3 Responses to “Winterizing – What to Expect”

  1. Max Robinson Says:

    What is danger of seacocks freezing? These are bronze valves put in by boat manufacturer and boatyard.

  2. Brian Torresen Says:

    The danger is not of your seacocks freezing. The danger is of water trapped in your closed seacocks freezing. If your seacocks are left closed, any water that remains above the valve can freeze and could crack your bronze valves.

  3. Rick Says:

    I winterized my sterndrive engine….

    I made my own winterizing kit:
    1 Washing machine hose
    1 Male/Male garden hose adapter to attach the hose to the ear muffs.
    1 Green colored recycling bin with out drain holes, or a 5-gal pail will work.
    1 ball-valve, 2 garden hose rubber washers.

    I took my green recycling bin (without drain holes in the bottom) and drilled a 1/2″ hole in the side. Attached a ball-valve, rubber washer on each side of container.. that attaches to a washing maching hose.
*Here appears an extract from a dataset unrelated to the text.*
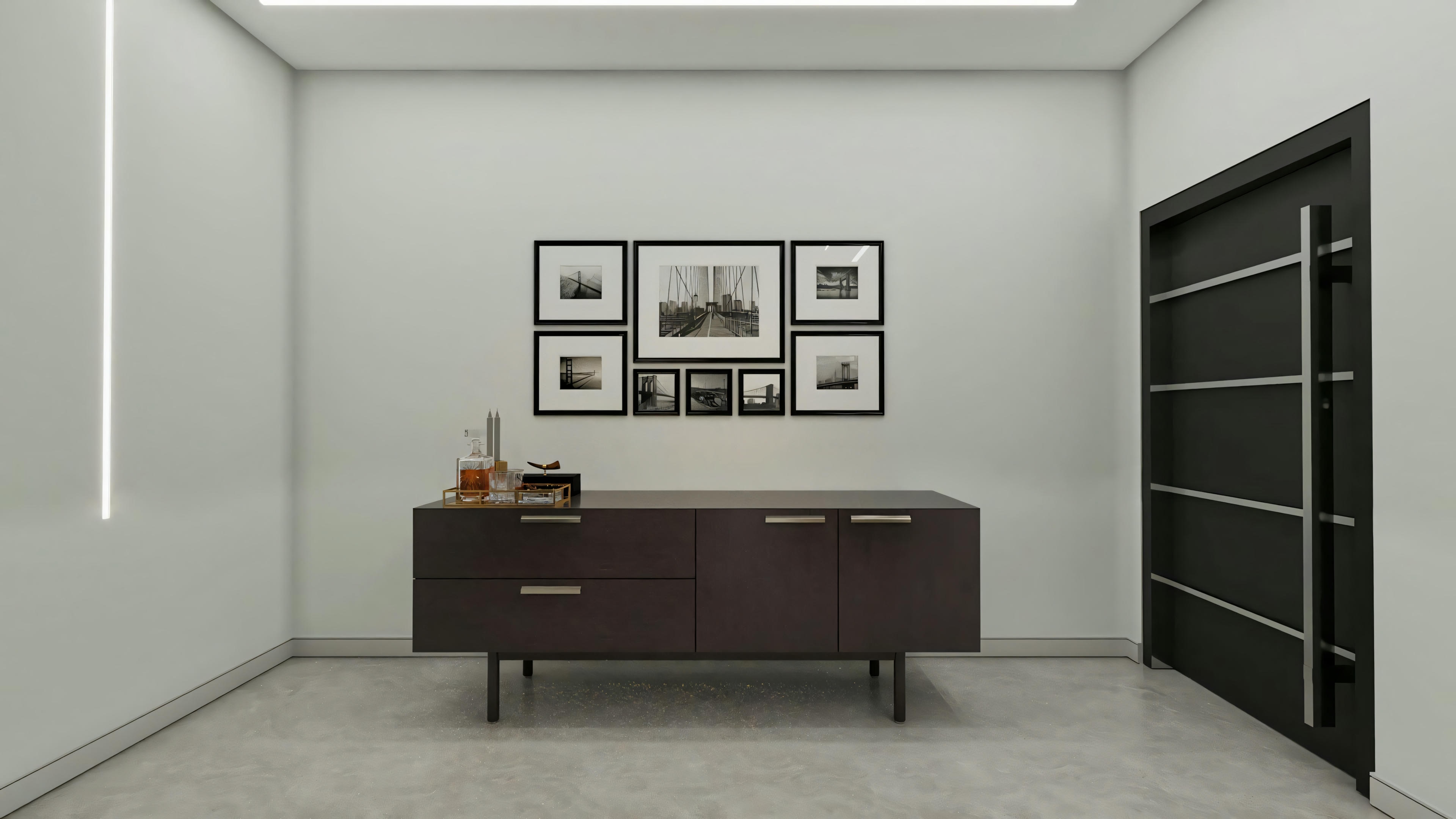 Modern design entrance hall, featuring a dark sideboard, set of black and white pictures, dark door with vertical handle, and recessed LED lighting in the wall and ceiling, interior of a luxury residential project.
I take the washing machine hose, attach one end to the ball valve, the other end to the “ear muffs” that attach to the lower leg. Place the bin, hose attached on the transom and fill with NON-TOX antifreeze, attach the ear muffs. Start the engine, open the ball valve and fill’er up with antifreeze. The antifreeze fills the engine by gravity feed. It cost me $15.00 for materials at Home Depot instead of the 50. bucks West Marine was going to charge. I used this last year, and today, still works well.

    In the summer months, I use the bin to hold soapy water to wash the boat/truck. When finished, I store fogging oil, hose and other winterizing things in the bin for the winter. This system was pure “Yankee ingenuity” as we say in New England, and some friends have made the same for their boats & jet skis.